**Task to complete:** As soon as the line containing "Diseño de Photoshop por" appears in the material below, start returning lines exactly, and end with the line containing "FREIGHTLINER COLUMBIA Dash".

**Data extract:**
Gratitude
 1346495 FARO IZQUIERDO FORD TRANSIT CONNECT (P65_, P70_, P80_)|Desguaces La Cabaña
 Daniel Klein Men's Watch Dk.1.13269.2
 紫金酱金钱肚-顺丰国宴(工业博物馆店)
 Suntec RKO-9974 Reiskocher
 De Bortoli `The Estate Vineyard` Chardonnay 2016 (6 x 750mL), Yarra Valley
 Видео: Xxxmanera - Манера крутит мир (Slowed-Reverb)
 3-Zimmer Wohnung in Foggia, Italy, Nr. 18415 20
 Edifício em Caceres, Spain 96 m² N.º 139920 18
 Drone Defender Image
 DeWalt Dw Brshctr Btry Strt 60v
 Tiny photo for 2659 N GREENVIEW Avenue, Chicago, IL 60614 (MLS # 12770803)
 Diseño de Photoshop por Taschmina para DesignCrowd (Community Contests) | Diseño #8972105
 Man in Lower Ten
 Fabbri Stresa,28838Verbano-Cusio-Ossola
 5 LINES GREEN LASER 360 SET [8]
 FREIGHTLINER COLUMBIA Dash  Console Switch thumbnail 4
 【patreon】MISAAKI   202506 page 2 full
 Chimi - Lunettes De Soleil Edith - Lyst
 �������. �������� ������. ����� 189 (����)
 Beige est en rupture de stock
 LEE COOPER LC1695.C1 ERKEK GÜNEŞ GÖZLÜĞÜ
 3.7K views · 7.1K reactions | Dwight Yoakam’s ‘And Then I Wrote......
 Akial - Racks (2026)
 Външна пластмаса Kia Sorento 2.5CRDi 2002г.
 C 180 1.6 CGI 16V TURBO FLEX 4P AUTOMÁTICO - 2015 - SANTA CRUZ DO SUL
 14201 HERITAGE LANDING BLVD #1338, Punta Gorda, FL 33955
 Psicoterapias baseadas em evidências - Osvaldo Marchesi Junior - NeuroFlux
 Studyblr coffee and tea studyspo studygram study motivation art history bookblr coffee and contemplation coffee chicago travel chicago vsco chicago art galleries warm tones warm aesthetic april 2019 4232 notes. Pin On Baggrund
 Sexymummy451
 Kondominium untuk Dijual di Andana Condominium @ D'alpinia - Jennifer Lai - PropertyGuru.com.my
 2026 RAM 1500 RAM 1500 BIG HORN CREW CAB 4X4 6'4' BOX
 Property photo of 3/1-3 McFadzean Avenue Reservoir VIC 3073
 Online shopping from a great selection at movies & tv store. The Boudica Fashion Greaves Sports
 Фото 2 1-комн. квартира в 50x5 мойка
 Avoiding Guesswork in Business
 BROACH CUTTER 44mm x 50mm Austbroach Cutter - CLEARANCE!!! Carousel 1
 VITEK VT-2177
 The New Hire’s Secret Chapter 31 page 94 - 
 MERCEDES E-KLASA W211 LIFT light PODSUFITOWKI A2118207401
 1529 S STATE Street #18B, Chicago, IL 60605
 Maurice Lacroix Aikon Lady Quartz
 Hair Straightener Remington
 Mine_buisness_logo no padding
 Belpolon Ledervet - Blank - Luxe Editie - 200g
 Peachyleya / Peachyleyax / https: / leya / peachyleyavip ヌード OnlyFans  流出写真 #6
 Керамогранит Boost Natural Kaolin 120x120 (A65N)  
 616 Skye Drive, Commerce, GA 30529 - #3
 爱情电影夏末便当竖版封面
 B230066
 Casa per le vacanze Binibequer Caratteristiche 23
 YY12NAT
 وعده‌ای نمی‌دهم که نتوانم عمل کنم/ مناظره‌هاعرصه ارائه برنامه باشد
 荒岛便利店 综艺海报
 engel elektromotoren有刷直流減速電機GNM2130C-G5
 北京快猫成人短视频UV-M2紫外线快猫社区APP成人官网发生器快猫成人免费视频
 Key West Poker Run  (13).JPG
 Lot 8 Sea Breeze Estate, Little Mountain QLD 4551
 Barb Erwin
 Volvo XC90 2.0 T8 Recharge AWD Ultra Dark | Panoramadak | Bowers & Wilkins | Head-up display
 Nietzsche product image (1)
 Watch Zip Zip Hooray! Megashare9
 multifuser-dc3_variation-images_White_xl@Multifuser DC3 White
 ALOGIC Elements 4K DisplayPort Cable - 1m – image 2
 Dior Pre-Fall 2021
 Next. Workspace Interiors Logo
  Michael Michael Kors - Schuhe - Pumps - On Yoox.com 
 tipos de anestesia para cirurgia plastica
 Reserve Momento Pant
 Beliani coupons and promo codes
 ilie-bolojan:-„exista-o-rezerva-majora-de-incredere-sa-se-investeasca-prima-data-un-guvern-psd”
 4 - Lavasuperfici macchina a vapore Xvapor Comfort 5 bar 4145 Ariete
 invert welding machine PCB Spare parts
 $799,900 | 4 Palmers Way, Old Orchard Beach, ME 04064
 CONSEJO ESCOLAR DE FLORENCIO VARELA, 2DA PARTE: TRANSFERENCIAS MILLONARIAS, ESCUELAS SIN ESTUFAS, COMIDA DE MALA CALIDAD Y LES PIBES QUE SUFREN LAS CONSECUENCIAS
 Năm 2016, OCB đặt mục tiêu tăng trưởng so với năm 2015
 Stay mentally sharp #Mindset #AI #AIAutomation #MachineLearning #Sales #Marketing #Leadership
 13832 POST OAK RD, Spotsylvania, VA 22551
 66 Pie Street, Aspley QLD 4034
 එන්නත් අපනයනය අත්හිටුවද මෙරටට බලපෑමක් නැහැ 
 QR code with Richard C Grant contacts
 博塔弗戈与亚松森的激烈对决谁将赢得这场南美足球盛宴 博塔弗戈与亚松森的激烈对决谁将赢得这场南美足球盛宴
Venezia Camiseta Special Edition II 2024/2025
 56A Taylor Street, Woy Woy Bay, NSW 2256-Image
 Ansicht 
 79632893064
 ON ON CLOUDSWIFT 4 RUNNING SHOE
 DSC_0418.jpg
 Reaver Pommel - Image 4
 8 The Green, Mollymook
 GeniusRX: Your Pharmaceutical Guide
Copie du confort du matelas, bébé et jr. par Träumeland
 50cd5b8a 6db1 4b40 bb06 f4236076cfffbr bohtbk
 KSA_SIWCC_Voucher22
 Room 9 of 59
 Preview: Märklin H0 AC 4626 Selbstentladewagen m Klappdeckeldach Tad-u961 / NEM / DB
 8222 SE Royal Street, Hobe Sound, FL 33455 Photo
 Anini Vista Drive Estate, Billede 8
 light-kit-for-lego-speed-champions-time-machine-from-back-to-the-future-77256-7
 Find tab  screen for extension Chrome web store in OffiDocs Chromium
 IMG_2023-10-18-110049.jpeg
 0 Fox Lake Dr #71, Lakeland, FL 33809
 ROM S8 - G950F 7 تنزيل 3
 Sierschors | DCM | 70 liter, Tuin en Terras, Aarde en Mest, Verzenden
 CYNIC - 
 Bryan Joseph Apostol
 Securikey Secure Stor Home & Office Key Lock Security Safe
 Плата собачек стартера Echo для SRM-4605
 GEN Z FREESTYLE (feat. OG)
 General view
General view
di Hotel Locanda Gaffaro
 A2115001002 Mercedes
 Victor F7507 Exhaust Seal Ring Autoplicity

**Task answer:**
 Diseño de Photoshop por Taschmina para DesignCrowd (Community Contests) | Diseño #8972105
 Man in Lower Ten
 Fabbri Stresa,28838Verbano-Cusio-Ossola
 5 LINES GREEN LASER 360 SET [8]
 FREIGHTLINER COLUMBIA Dash  Console Switch thumbnail 4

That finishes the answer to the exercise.